La loi Egalim 2 a permis de sanctuariser la part des matières premières agricoles dans les tarifs des produits alimentaires, mais la plupart des clauses de renégociations automatiques sont inapplicables, selon les sénateurs. Dans un rapport de la commission des affaires économiques, publié le 19 juillet 2022, ils soulignent également que « les hausses demandées au titre de l’évolution du prix du transport et de l’énergie ont dans l’ensemble été refusées ou acceptées de façon très réduite ».
La loi Egalim 2 doit « être adaptée à la période actuelle de renégociations commerciales permanentes », avancent les sénateurs. En l’état, ils considèrent cette loi « incomplète ».
Des clauses de révision des prix « bâclées »
La mise en œuvre des clauses de révision des prix dans les contrats entre industriels et distributeurs est « trop peu encadrée ». « La définition de ces clauses semble avoir été « bâclée ». Elles n’ont fait l’objet que d’une attention relative à la toute fin des négociations », signale le rapport. Seuls 20 % des contrats signés avant la fin de février 2022 comportent une telle clause, selon la DGCCRF, la direction générale de la concurrence, du commerce et de la répression des fraudes.

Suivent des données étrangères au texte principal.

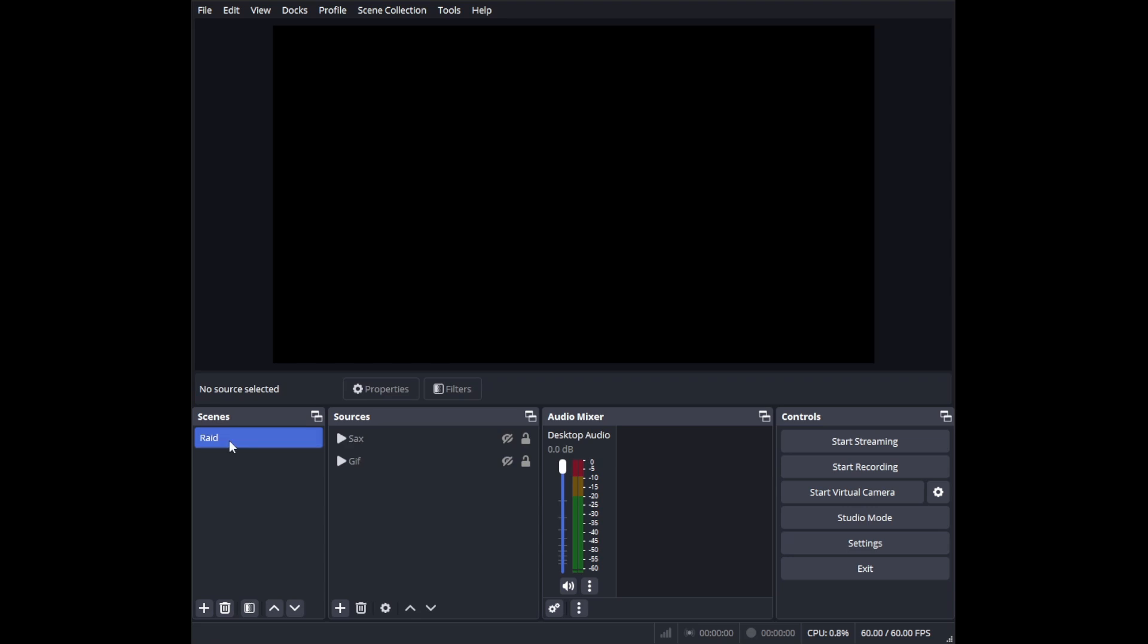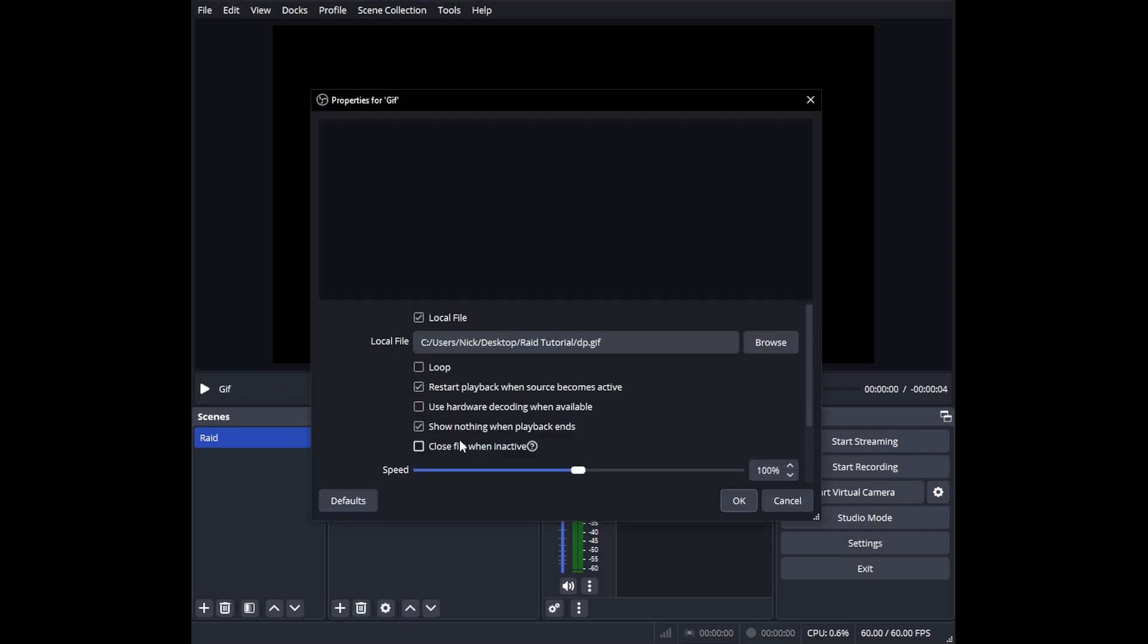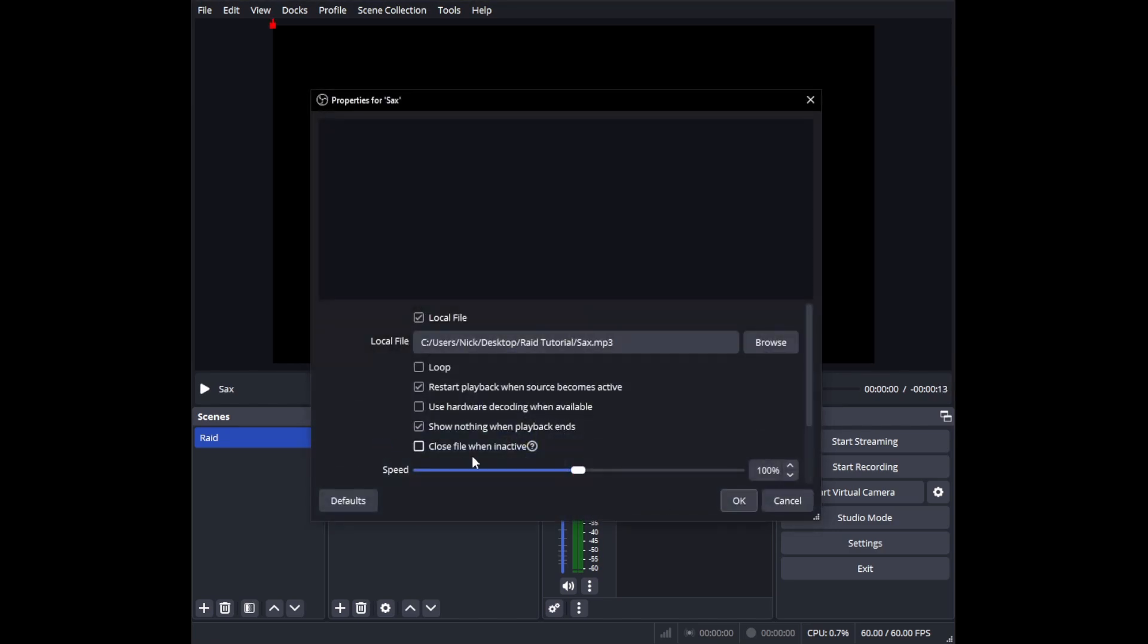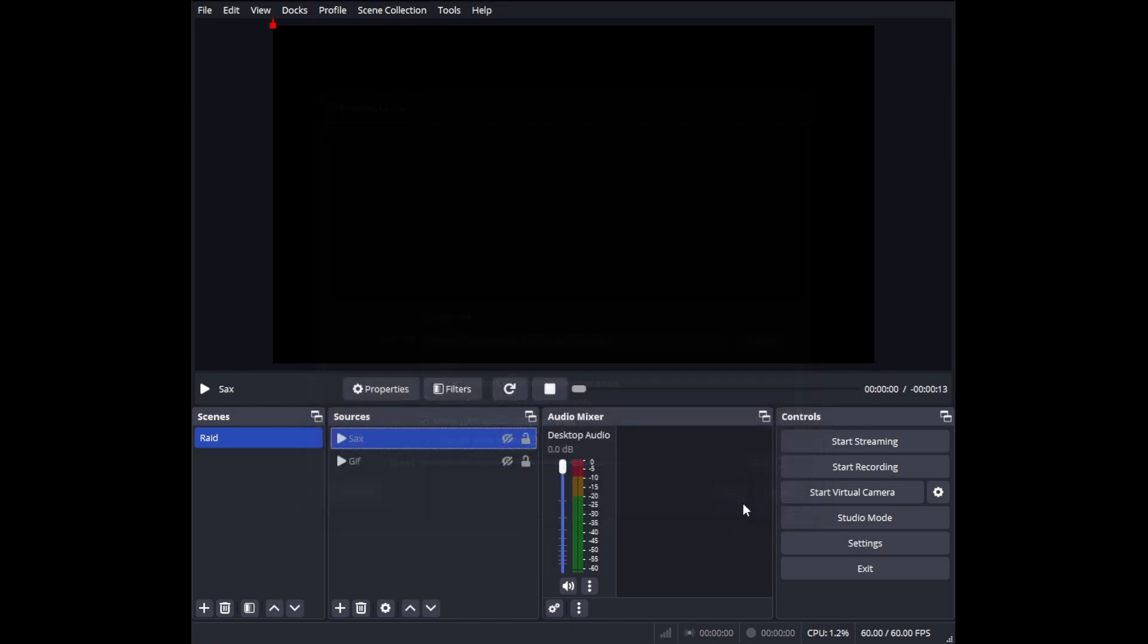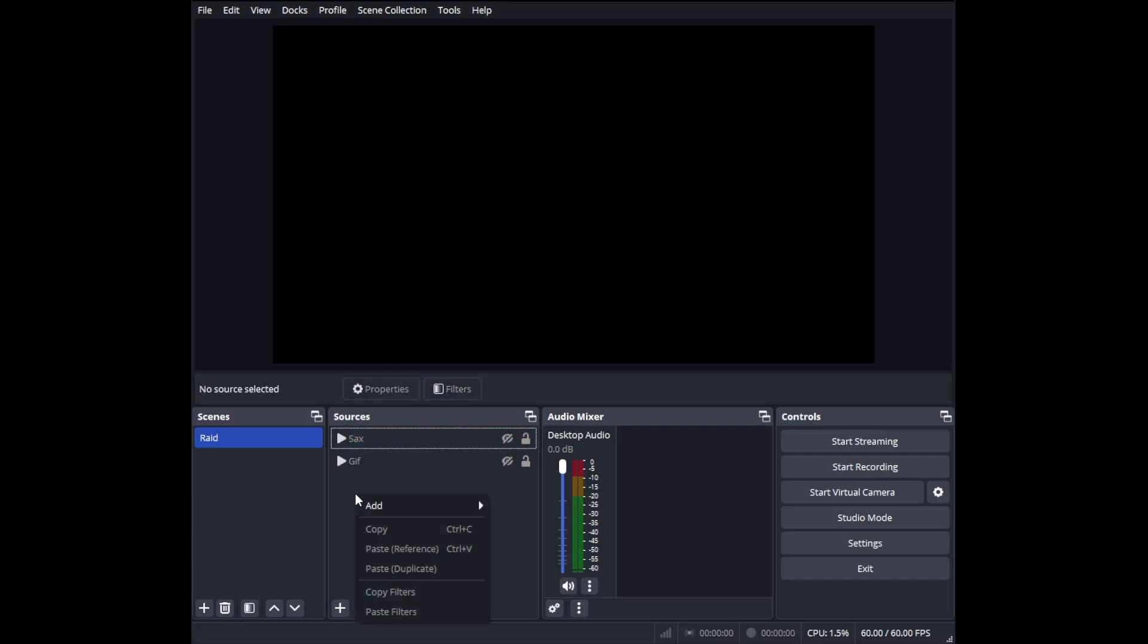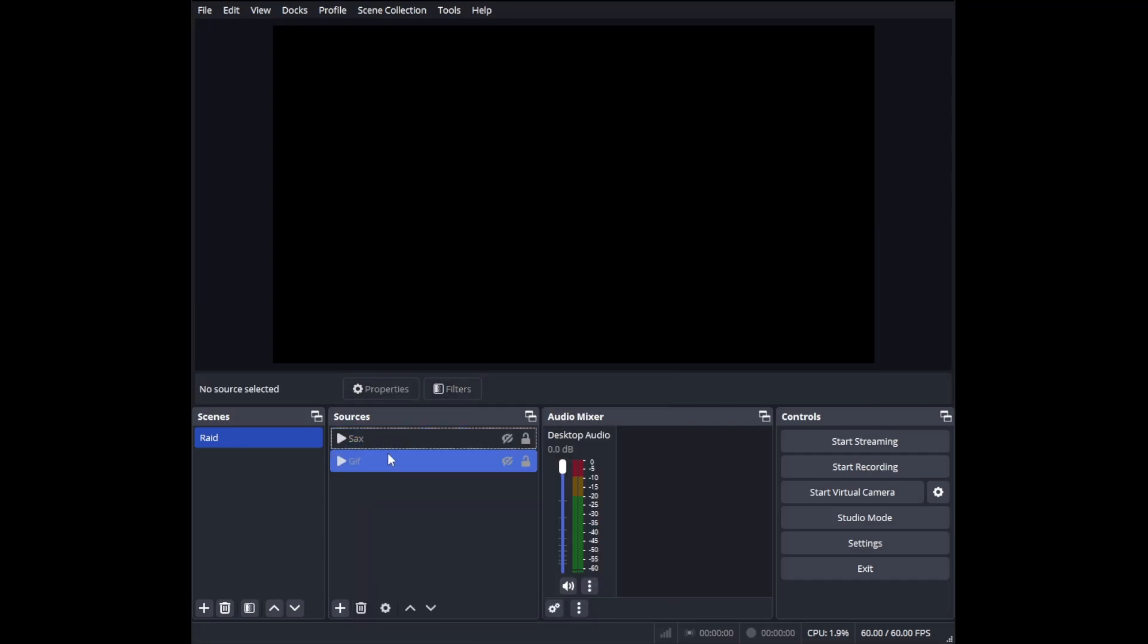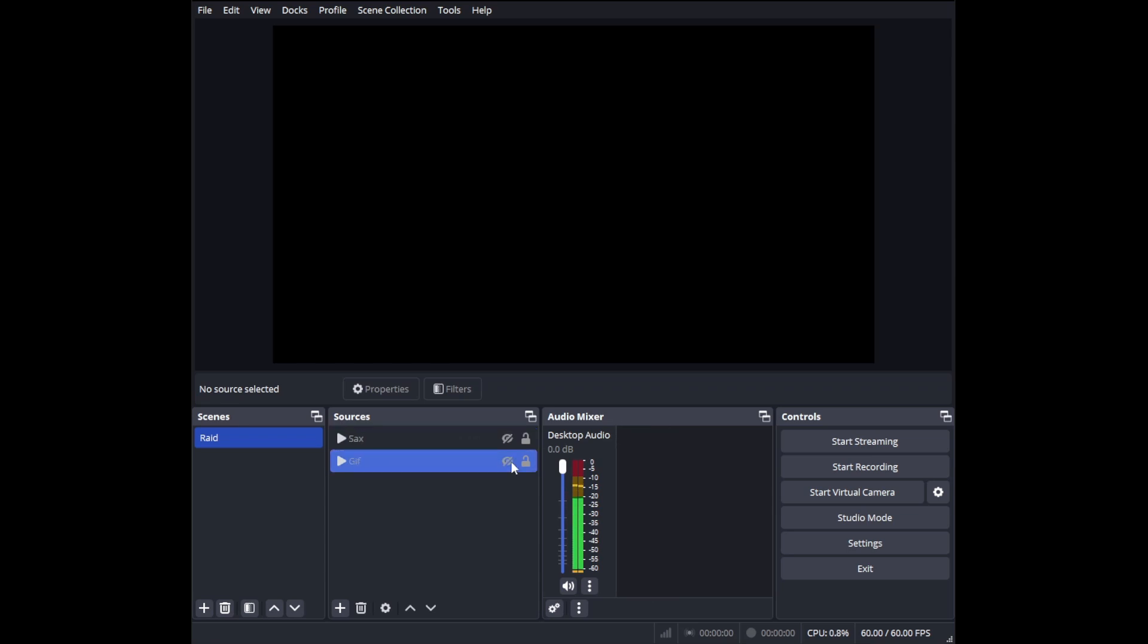We are going to start by making a scene for the raid. I've already added some sources. What I have added is my gif—I went to wherever you have your gif or video and put it there. Then I also have a sound. I added a media source, went and found where it is, and brought it up. I have the saxophone and a gif going on right here.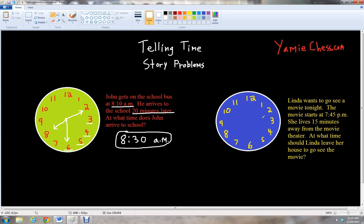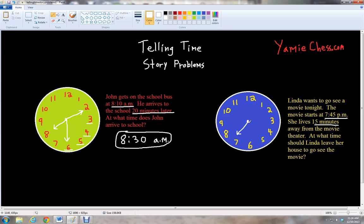So let's look at the second problem. It's a little bit different, but we'll be using the same idea of counting minutes. It says Linda wants to see a movie tonight. The movie starts at 7:45 p.m. — p.m. represents in the evening, or it can also represent the afternoon. She lives 15 minutes away from the movie theater. At what time should Linda leave her house to go see the movie? So the first thing we're going to do is draw the time on the clock — 7:45 p.m. So we have 7 for the short hand and 45 minutes, which is at the 9, for the long hand.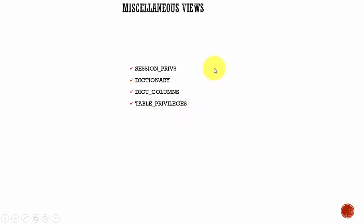Whenever you see data dictionary views or tables which don't follow the naming convention like ALL_, DBA_, USER_, V$, or GV$, don't get confused. They are still data dictionary views or tables.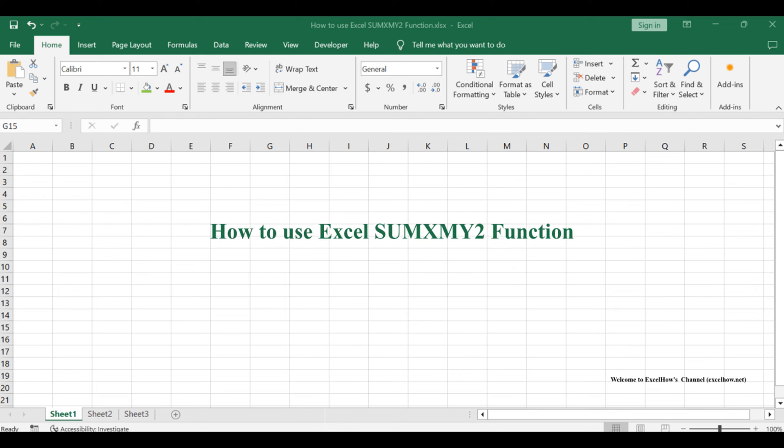Welcome to this Excel tutorial where we'll unravel the potential of the SUMXMY2 function. Whether you're a seasoned Excel user or just getting started, this function can be a game changer.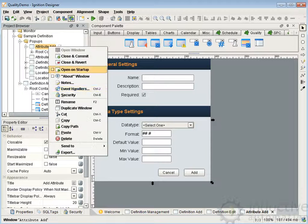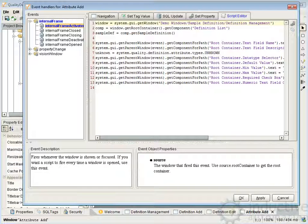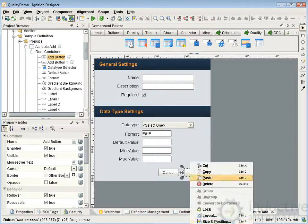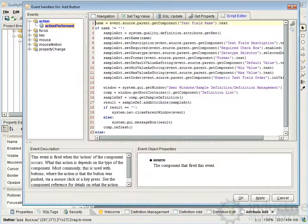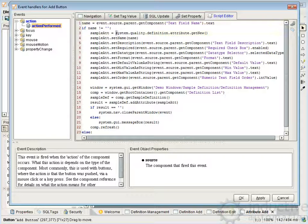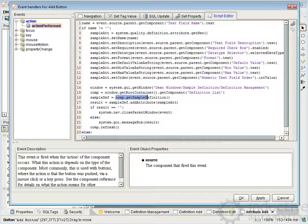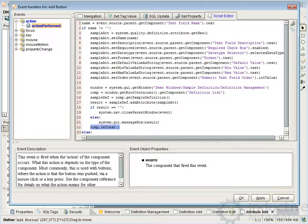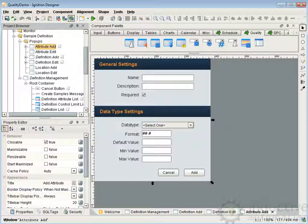For attribute add, there's the script. When the window comes up, it initializes all the entry boxes — I won't go through that again. When you add, it's the same kind of process: we create a new attribute, we set all the parameters for it, then we get the component, get the sample definition, and add that attribute to the sample definition. The refresh then causes the sample definition and attribute list to update to reflect the newly added attribute. Edit attribute works in that same way.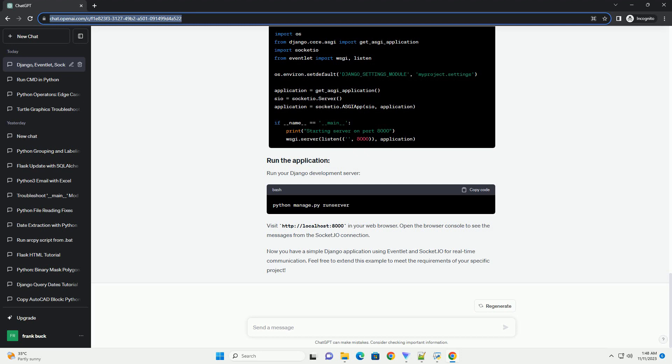Run your Django development server. Visit http://localhost:8000 in your web browser. Open the browser console to see the messages from the Socket.io connection. Now you have a simple Django application using eventlet and Socket.io for real-time communication. Feel free to extend this example to meet the requirements of your specific project.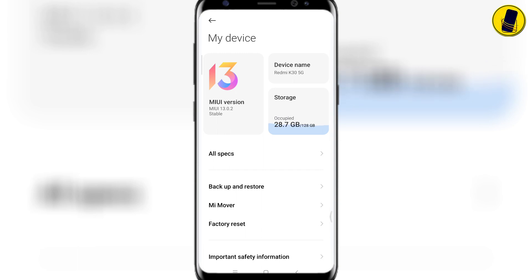This phone is MIUI 13 China stable. Google Play service is not included in this phone.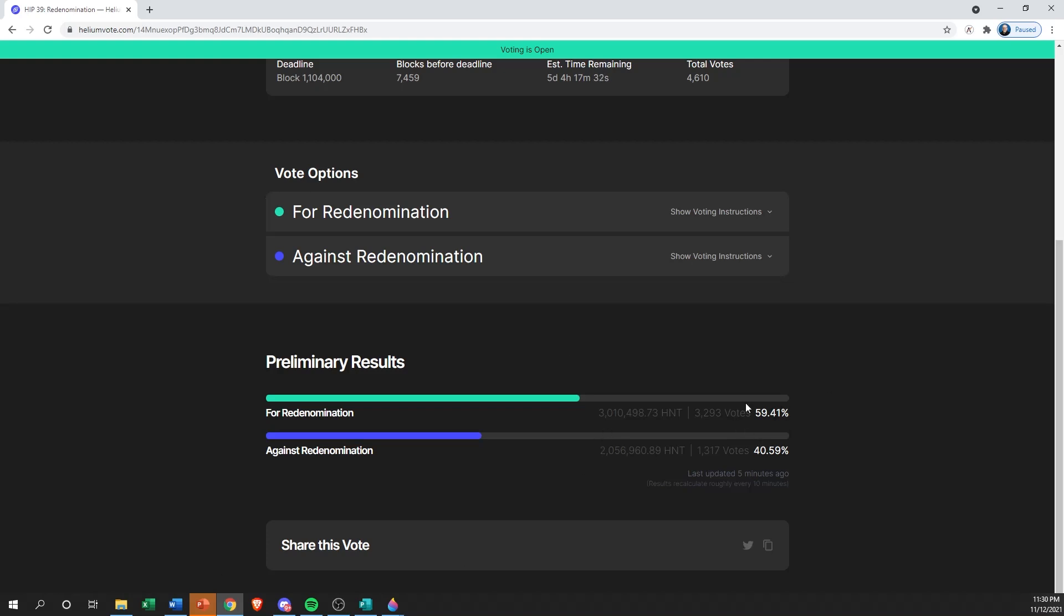Once you're done checking that out and you've voted, there's obviously some time before it's done, so keep an eye on it. If you want to share it with your communities, your miner buddies, or Twitter, or social media, or whatever, they do offer copy the link and then a Twitter link as well to post this out to your networks.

La question des clauses de révision des prix est un vrai problème, a insisté auprès de La France Agricole, le sénateur Daniel Gremillet, auteur du rapport avec sa collègue Anne-Catherine Loisier. « La plupart sont quasi inapplicables car elles se basent sur un délai de mise en œuvre de neuf mois — c’est-à-dire que la hausse résultant de l’activation de la clause ne s’applique que plus de neuf mois plus tard — et pour bon nombre il faut une augmentation de 50 % de la matière pour qu’elles soient activées. »
Définir un délai d’application plus court
Les sénateurs proposent donc de mieux encadrer la définition des clauses de révision automatique des prix dans les contrats, notamment en définissant un délai d’application une fois que la clause est enclenchée (par exemple un mois), en précisant « que le seuil de déclenchement ne peut être supérieur à un taux fixé par voie réglementaire » et que « la clause s’applique à chacune des matières premières agricoles entrant dans la composition du produit. »
Cette proposition nécessite de modifier le code du commerce, précisent les parlementaires.
Manque d’implication du gouvernement
Les sénateurs critiquent le « manque d’implication de la part du gouvernement dans le suivi des négociations commerciales » et la faiblesse de la charte d’engagement signée le 18 mars 2022 par tous les acteurs de la chaîne agroalimentaire. En effet, cette charte, dans laquelle industriels et distributeurs s’engagent à faciliter la réouverture des négociations, n’est pas contraignante.
Ils proposent qu’un tableau de suivi de l’avancée des négociations et renégociations commerciales soit établi par les services du ministère de l’Agriculture et transmis aux organes compétents du Parlement. « Les réunions du comité de suivi devraient à tout le moins permettre d’engager des discussions entre acteurs (y compris les pouvoirs publics) sur la base d’indicateurs fiables et objectifs », estiment les sénateurs.
D’ici à l’automne, ils entendent poursuivre leur travail de suivi de l’avancée des renégociations et également évaluer le titre 2 de la loi Egalim, concernant la séparation de la vente et du conseil, a fait savoir à La France Agricole, Daniel Gremillet.